December 22, 2014 • Issue 14:12:02

Merchant life cycle marketing in acquiring

By Marc Abbey
First Annapolis Consulting

Consistently, First Annapolis research has revealed that the average small merchant is called on or contacted by ISOs and acquirers more than two times a week, and it is a safe assumption that few, if any, of these acquirers are proposing higher pricing than the merchant's incumbent acquirer.

Yet only on the order of 26 percent of merchants attrite in a given year, and much of that is through business failure. Even if an ISO or acquirer is objectively uncompetitive in every aspect of its offering, an attrition rate of 30 percent to 35 percent would be a pretty bad outcome (as opposed to 100 percent attrition in other industries). Why does the merchant market work this way?

When are merchants most receptive?

We at First Annapolis believe that the single best explanatory factor for this attrition profile (and really the single best model for merchant buying behavior) is a merchant life cycle model.

Our belief is that, in general and over a large number of instances, merchants are most receptive to an acquiring pitch at key moments in their life cycles: when they start up, when they hire a professional finance manager, when they implement a new POS system, etc. Lead sources and sales channels have advantages and disadvantages as they relate to a merchants' life cycle.

Who can gain an advantage?

So, for example, a bank has an advantage in that opening a commercial demand deposit account (DDA) is one of the first things a merchant does. (And for established merchants, a change of banking relationships is a life cycle event in its own right.) Selling merchant relationships to the flow of new commercial DDAs in a bank is a well established and highly effective model; selling merchant services to the stock of existing businesses at banks (as opposed to the flow of new businesses at a bank), by contrast, is devilishly difficult.
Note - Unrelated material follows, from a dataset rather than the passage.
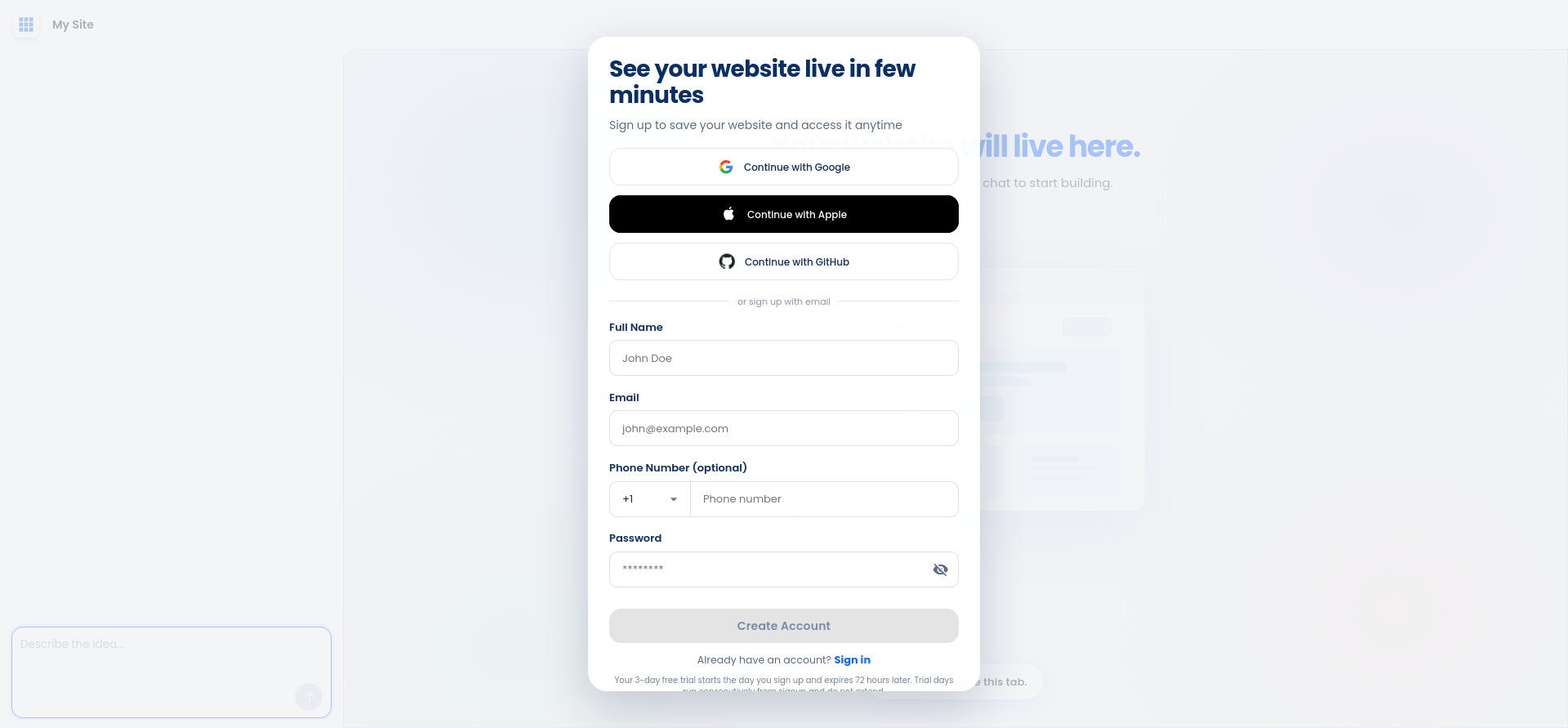 Bluehost AI Website Builder account sign-up modal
The current emphasis on independent software vendor (ISV) -based strategic business development relationships is a function of this phenomenon in that ISVs and their dealers have a huge advantage at a key moment in a merchant's life: when a business implements or changes its point of sale solution. However, all lead sources can be evaluated in this light by asking, does a particular lead source give an acquirer access to merchants systematically at a moment when the merchant will be receptive to a pitch?

What else influences merchant receptivity?

A life cycle model does not explain all merchant behavior, of course. It is certainly true that a merchant is receptive to a pitch when the incumbent has messed up – failed to resolve a service problem, triggered unwanted change, surprised the merchant with some unanticipated commercial term, for example. Therefore, competitive strategies will certainly be more important in our industry looking forward than they were looking back.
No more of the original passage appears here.